So, We’ve Brexited. What Next?
That’s it, then. After more than four years of division and argument, two general elections and a turbulence of lies, this is the way we Get Brexit Done: not with a bang, but a whimper.
After the intensity of coverage in the latter part of 2019, prior to the General Election which ended so disastrously for the Labour Party, January has felt like a media wasteland, with Brexit only an afterthought.
There were a few lame-duck attempts at celebration—who can forget the baffling plan to expedite Big Ben’s repair process through crowdfunding, so we could bong on the stroke of Brexit at a cost of £500,000 a stroke? Madness, but set in context, it rather pales: we’ve so far spent more money trying to leave the EU than we paid into it in nearly five decades of membership. At the point of Official Brexit, there was some sort of very odd party going on outside Parliament, full of flag-wavers and tents inhabited by the kind of sociopath who views partying with Nigel Farage as an appealing prospect.
Then 11pm came and went, and we were out. And nothing—really—happened.
I’m writing this on February 1, ostensibly the first day of the rest of the United Kingdom’s life. Nothing’s really changed and, certainly, there’s good reason for that. For the year to come, we will remain bound by the rules of the European Union, although we will no longer have any representation in the European Parliament. Our right to free movement will not be impeded; our trading tariffs will remain the same. And, in the background, the government will try to convince the European Union that it’s somehow in its best interests to give the UK a winning divorce deal, as if they’ve anything now to gain from that.
It was always the plan that the year after Brexit Day would be a year of transition. The trouble is, the government’s platform of leadership through misinformation means that this calm before the storm may be widely misunderstood. We’ve Brexited, people are saying, and nothing’s happened. Project Fear has been beaten down once and for all. We were right to think that Leaving wouldn’t change anything at all, except to make us a sovereign nation once again.
And then, in a year, when Brexit actually takes effect and its impact on our economy really hits, the blame will be placed elsewhere. It can’t have been anything to do with leaving the EU, after all. That was a whole year ago.
Believe me when I say I have no desire to see the majority of Brexiteers proven wrong in ways that will leave them in ever direr states of poverty. I know that the vast majority of working-class communities which voted for Brexit—and then, on the platform of Brexit, voted against their own interests in the General Election, turning Tory for the first time ever—have done so not because of bigotry, but out of a desire to be heard.
Westminster does not care about the post-industrial fringes of the nation. It does not care about Wales, where EU funding powers so much of what keeps communities afloat. Arguably, government in this country as a whole cares even less about the far north of England, which has no devolved government to look after it as Wales and Scotland do, but is so far away from the seat of power as to be viewed as near-mythical. Many in these areas voted for Brexit because they knew it was not what the government wanted, and they needed Westminster to recognise their existence. Had Brexit not been carried out, it would have been still further indication that their votes meant nothing; that they were not viewed as meaningful parts of this disunited kingdom.

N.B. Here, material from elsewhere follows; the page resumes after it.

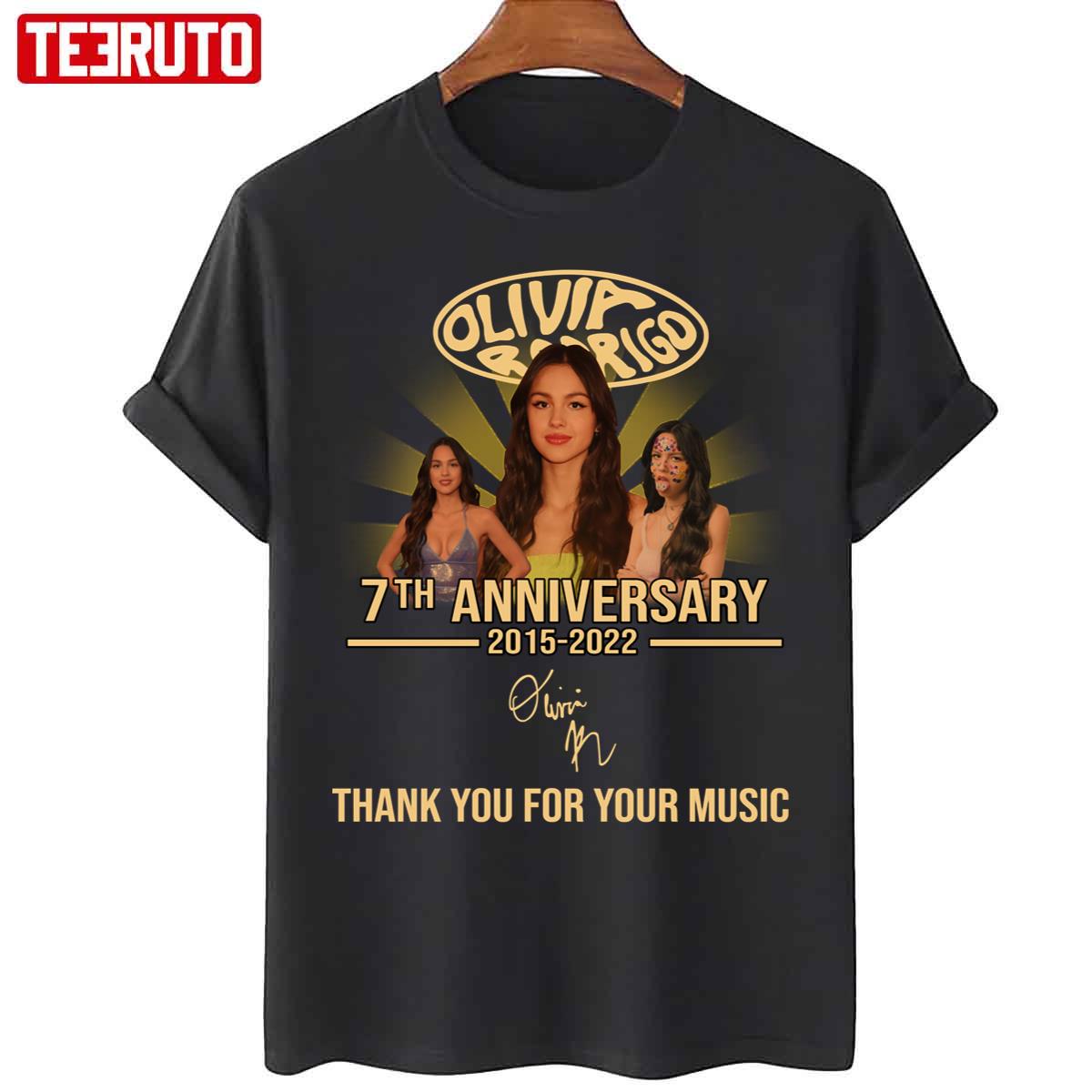 7th Anniversary 2015 2022 Olivia Rodrigo Thank You For Memories Signature Unisex T-Shirt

They voted to be heard, but in doing so, have likely sacrificed their communities over an issue barely anyone cared about in 2013. Places in the country where EU funding is most needed also had the highest pro-Brexit turnouts. The impact of Brexit will certainly be felt more keenly in these already-impoverished areas than in London and the rich south east of England, which will be cushioned from the blow.
Yesterday a man heard me talking to my father on the phone and came over to see, essentially, whether I was Welsh. I’m not Welsh: but I’m from the North East of England, and I certainly understood the impulse. When I hear an accent that sounds like mine, it’s rare enough that I’ll look up immediately, seeking someone sympatico.
There’s a strong continuity of feeling between the people of both areas, and for good reason. Both post-industrial mining areas, both Labour heartlands. Both rattled heavily by Brexit, and suffering enormous poverty. Even our accents are similar because, historically, we were once the same people: the great Welsh epic Y Gododdin describes the progress of a group from the North East of England, their once-homeland, to Wales, where they then settled. There aren’t many people in the North East, and there aren’t many in Wales, either. We’re united in having been ignored; and now, those of us who’ve left our homelands to work in more affluent parts of the country are united, too, in our horror at what might happen there, now that this quiet exodus has taken place.
As a Remainer, I cannot see any tangible benefit Brexit might have for the nation. But we can’t, we cannot simply allow ourselves to be tired of talking about it. The worst is yet to come, and if we want to remain a United Kingdom, we must be on our guard. Otherwise, it will be the poorest in our society who suffer, as always, for the pretensions of public schoolboys trying to make names for themselves.